- _TO DO_
Down to the last line, retype each line of the entries exactly, starting with the one that contains "Living Room |".
- - -
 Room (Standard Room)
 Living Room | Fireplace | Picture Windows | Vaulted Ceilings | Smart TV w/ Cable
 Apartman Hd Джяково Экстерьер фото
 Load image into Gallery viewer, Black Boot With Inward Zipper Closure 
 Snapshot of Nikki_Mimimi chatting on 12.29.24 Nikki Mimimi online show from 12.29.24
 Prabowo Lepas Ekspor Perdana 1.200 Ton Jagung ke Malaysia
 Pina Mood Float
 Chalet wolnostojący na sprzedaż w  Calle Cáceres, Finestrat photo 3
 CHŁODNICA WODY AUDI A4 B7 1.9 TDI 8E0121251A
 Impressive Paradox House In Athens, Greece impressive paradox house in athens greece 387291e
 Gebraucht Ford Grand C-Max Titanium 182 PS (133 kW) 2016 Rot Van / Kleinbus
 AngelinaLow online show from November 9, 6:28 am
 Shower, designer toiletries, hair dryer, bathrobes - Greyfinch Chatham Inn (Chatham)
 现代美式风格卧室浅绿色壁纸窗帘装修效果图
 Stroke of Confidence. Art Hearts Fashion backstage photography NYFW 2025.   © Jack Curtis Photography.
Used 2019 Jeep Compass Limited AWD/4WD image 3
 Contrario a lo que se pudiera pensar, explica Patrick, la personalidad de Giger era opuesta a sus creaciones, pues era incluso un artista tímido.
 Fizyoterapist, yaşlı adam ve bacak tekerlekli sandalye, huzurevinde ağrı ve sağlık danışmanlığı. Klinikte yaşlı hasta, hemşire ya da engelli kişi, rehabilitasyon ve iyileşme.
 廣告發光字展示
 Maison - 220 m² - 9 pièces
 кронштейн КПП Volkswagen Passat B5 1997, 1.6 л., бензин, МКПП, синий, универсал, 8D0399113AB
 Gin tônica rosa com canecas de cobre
- - -
- _OUTPUT_
 Living Room | Fireplace | Picture Windows | Vaulted Ceilings | Smart TV w/ Cable
 Apartman Hd Джяково Экстерьер фото
 Load image into Gallery viewer, Black Boot With Inward Zipper Closure 
 Snapshot of Nikki_Mimimi chatting on 12.29.24 Nikki Mimimi online show from 12.29.24
 Prabowo Lepas Ekspor Perdana 1.200 Ton Jagung ke Malaysia
 Pina Mood Float
 Chalet wolnostojący na sprzedaż w  Calle Cáceres, Finestrat photo 3
 CHŁODNICA WODY AUDI A4 B7 1.9 TDI 8E0121251A
 Impressive Paradox House In Athens, Greece impressive paradox house in athens greece 387291e
 Gebraucht Ford Grand C-Max Titanium 182 PS (133 kW) 2016 Rot Van / Kleinbus
 AngelinaLow online show from November 9, 6:28 am
 Shower, designer toiletries, hair dryer, bathrobes - Greyfinch Chatham Inn (Chatham)
 现代美式风格卧室浅绿色壁纸窗帘装修效果图
 Stroke of Confidence. Art Hearts Fashion backstage photography NYFW 2025.   © Jack Curtis Photography.
Used 2019 Jeep Compass Limited AWD/4WD image 3
 Contrario a lo que se pudiera pensar, explica Patrick, la personalidad de Giger era opuesta a sus creaciones, pues era incluso un artista tímido.
 Fizyoterapist, yaşlı adam ve bacak tekerlekli sandalye, huzurevinde ağrı ve sağlık danışmanlığı. Klinikte yaşlı hasta, hemşire ya da engelli kişi, rehabilitasyon ve iyileşme.
 廣告發光字展示
 Maison - 220 m² - 9 pièces
 кронштейн КПП Volkswagen Passat B5 1997, 1.6 л., бензин, МКПП, синий, универсал, 8D0399113AB
 Gin tônica rosa com canecas de cobre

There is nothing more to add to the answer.